- **COLLECTED MATERIAL**:
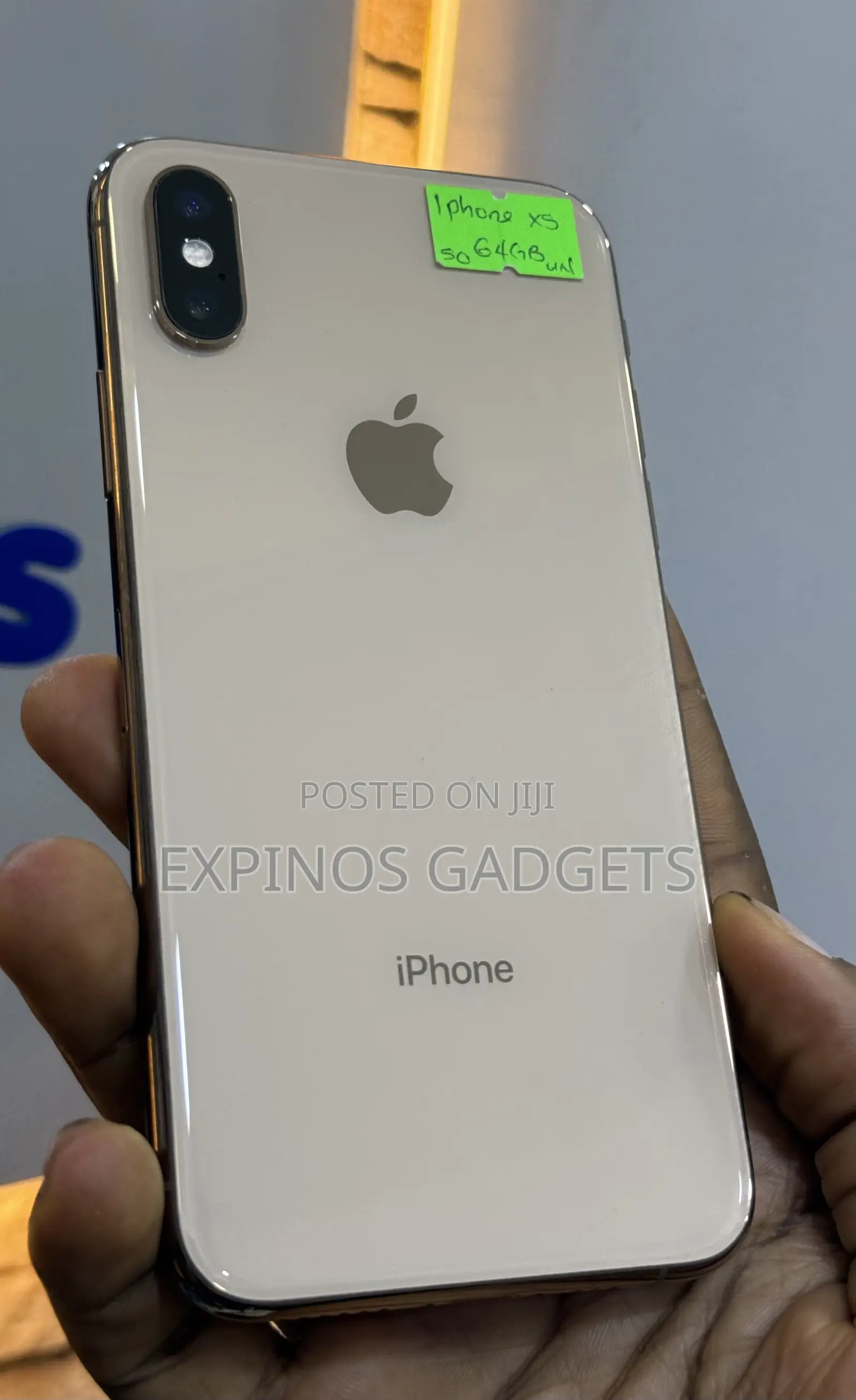 Apple iPhone XS 64 GB Gold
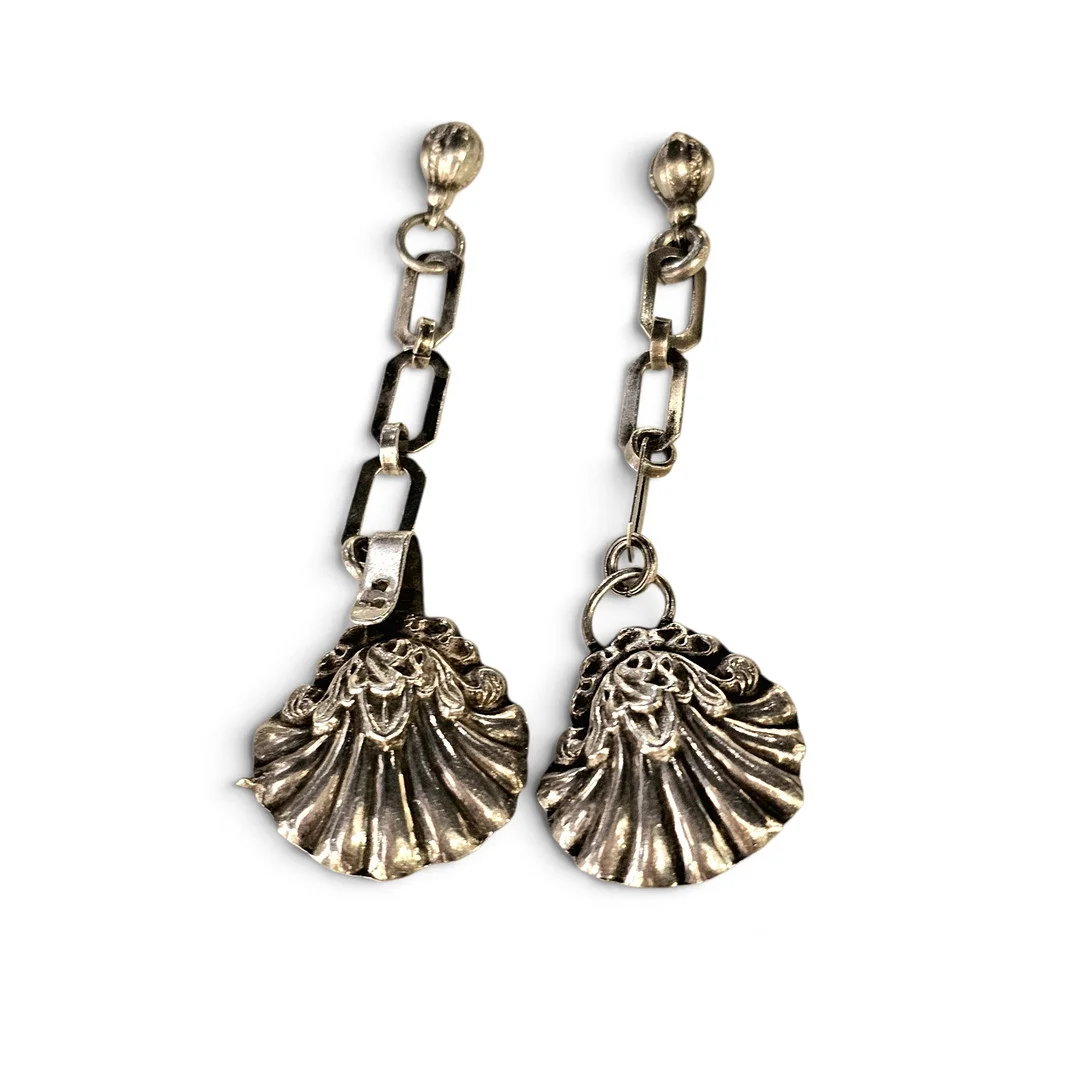 Pareja de antiguos colgantes de borla con cadena rematados por conchas. — Brooches & Pendants — Arce Auctions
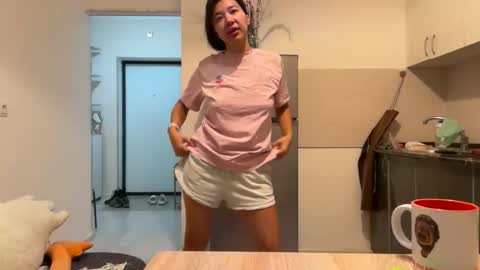 Snapshot of cosmo_pussy chatting on October 18, 1:36 pm Lina online show from October 18, 1:36 pm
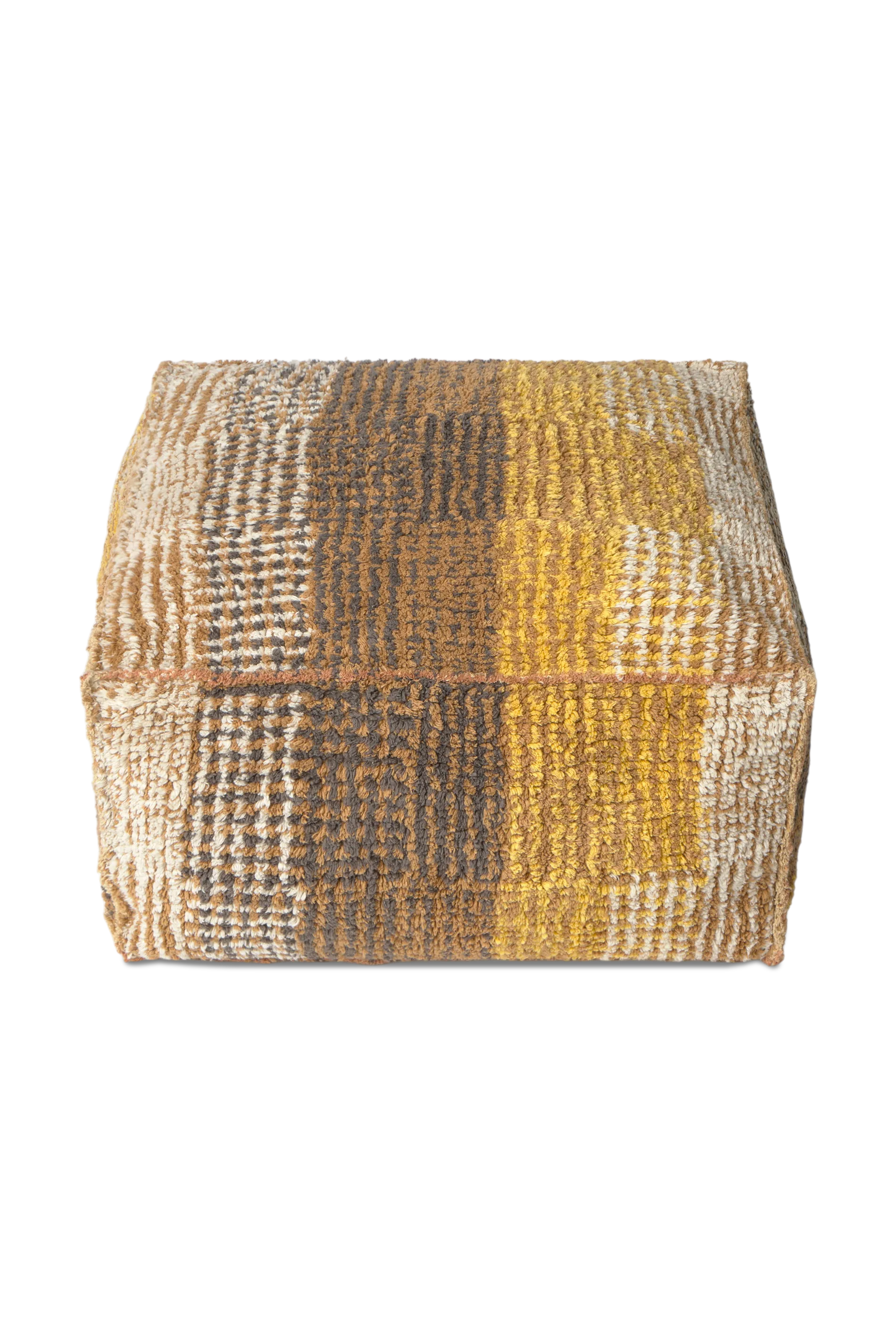 lorena-canals-city-r-versible-pouf-ochre-tuft-2-faces image 1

- **WHAT TO WORK ON**:
No pictures belong in the answer, only the lines from the top of the listing through the line containing "Snapshot of cosmo_pussy", repeated word for word.

- **YOUR RESPONSE**:
 Apple iPhone XS 64 GB Gold
 Pareja de antiguos colgantes de borla con cadena rematados por conchas. — Brooches & Pendants — Arce Auctions
 Snapshot of cosmo_pussy chatting on October 18, 1:36 pm Lina online show from October 18, 1:36 pm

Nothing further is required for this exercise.